La frase que pronunciara la semana pasada Alejandro Martí (a quien le secuestraron y asesinaron a un hijo de 14 años) en Palacio Nacional, frente al Presidente, 31 gobernadores, el jefe de Gobierno, el presidente del Senado, la presidenta de la Cámara de Diputados, el presidente de la Suprema Corte de Justicia y tres alcaldes representantes de todos los municipios del país, hizo coro en la marcha que arrancó poco antes de las 18 horas: “¡Si no pueden, renuncien!”, se leía en varias cartulinitas y en hojas de libretas que blandían los manifestantes.

Aunque la gente (había de todos los sectores sociales, gente rica como aquel señor que era escoltado por su guardaespaldas, quien le cargaba el paraguas, pero predominaban familias de clase media), iba tranquila en la marcha, había manifestaciones más radicales que hace cuatro años: fueron numerosos los escritos que izaban las familias demandando pena de muerte. El hartazgo de los ciudadanos provocó que escribieran cosas como estas:

—Ellos (los delincuentes) salen de las cárceles. Nuestros familiares (asesinados) no salen de las tumbas.

—Muerte a los secuestradores.

—Ellos no tienen piedad (los secuestradores). ¿Por qué nosotros sí? ¡Pena de muerte!

—No queremos cadena perpetua, queremos pena de muerte.

—Hace cuatro años pedí justicia: ¡hoy la exijo!

—Quiero vivir sin miedo.

—Señores magistrados, ya basta de revocar sentencias.

—Ahora sí: ¡ya basta!

—¡No más violencia!

—¡Ya no más impunidad!

—No venimos todos: nos hace falta una Rosita Campos (camisetas de una familia cuya hija está desaparecida).

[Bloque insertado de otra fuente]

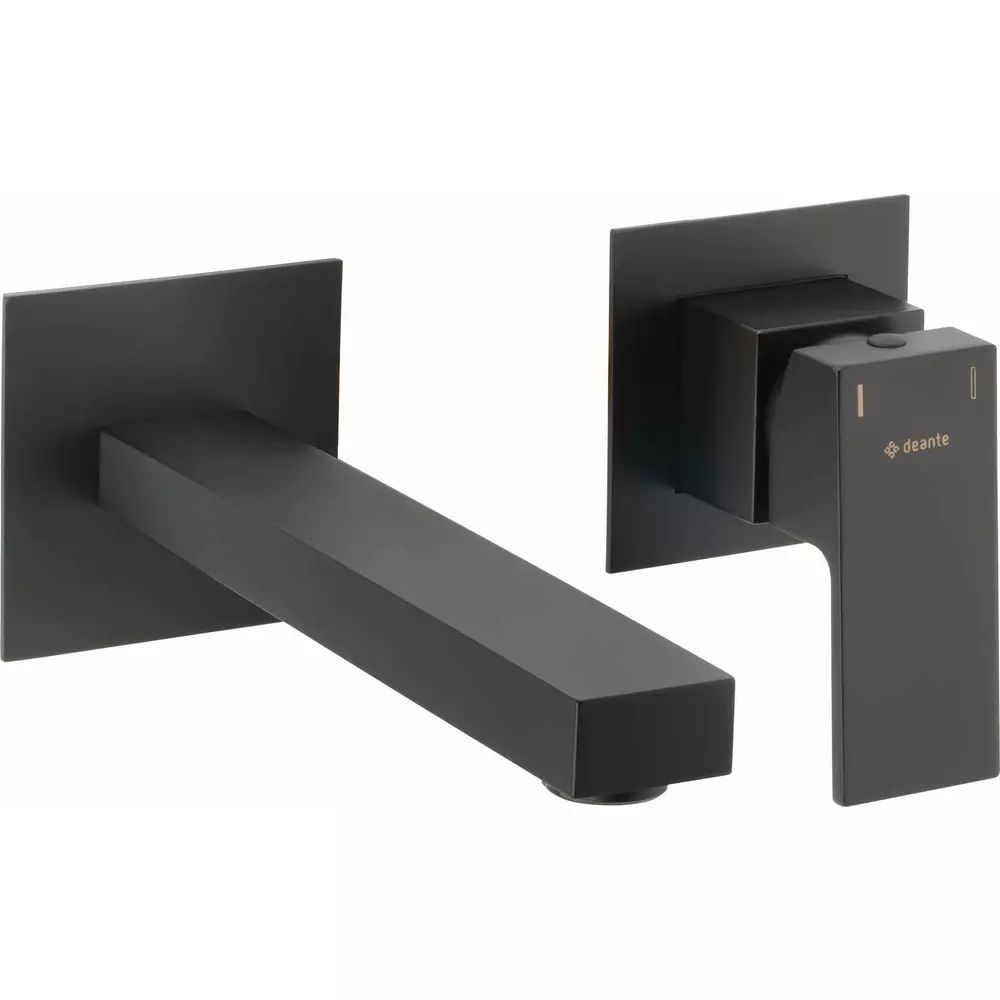 Baterie lavoar monocomanda incastrata Deante Anemon negru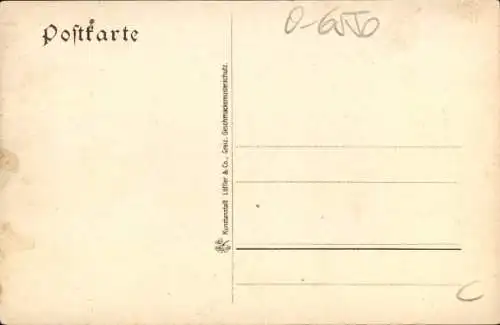 Passepartout Ak Schleiz im Vogtland Thüringen, Jahreszahl 1906, Teilansichten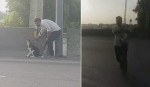 Мужчина, спасший собаку, оказавшуюся на оживлённой магистрали, стал героем интернета (Видео)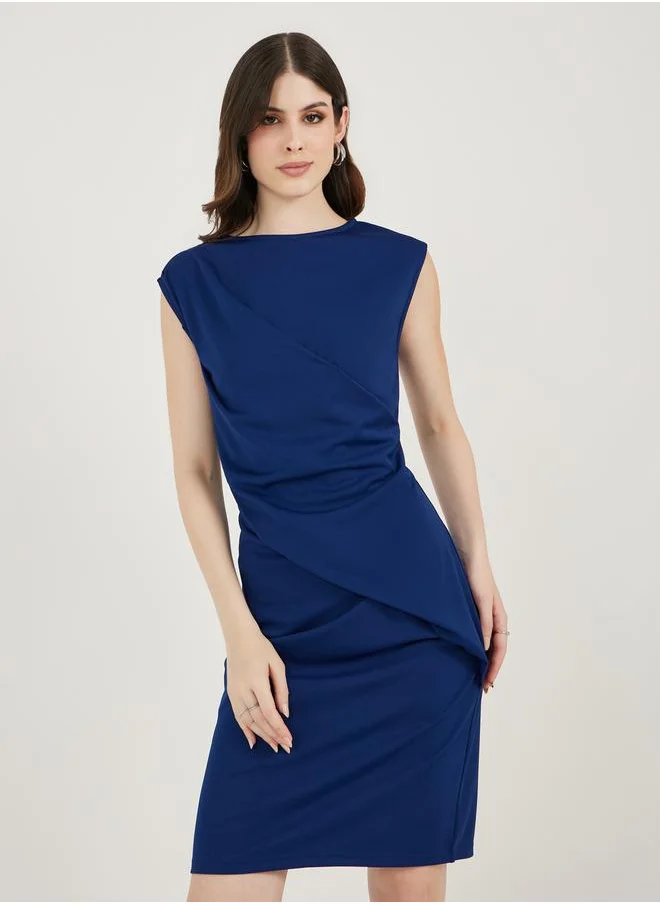 ستايلي Draped Knit Dress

—Los policías son simios con placas y los que nos gobiernan son perros.

—Debería estar jugando a mis doce años, pero sólo pienso: ¿dónde está mi mamá? (niña con madre plagiada).

—¿Cuántos Fernandos (Martí, se entendía) necesitan para renunciar?

—Resultados ya, ¡o lárguense!

—México, no mates a tus hijos.

En fin, la catarsis colectiva por la sangre ciudadana derramada a manos de la delincuencia llenó de nuevo las calles. Cada veladora encendida representaba una historia de dolor que contar. Una historia de inseguridad e impotencia. Una historia de impunidad delictiva. Por eso ahí iban todos, padres, madres, hijos, abuelos, novios, perros, bebés en carriolas, rubios, morenos, todos marchando hacia el Zócalo, para iluminar México…
Juan Pablo Becerra Acosta, Milenio, 31 de agosto.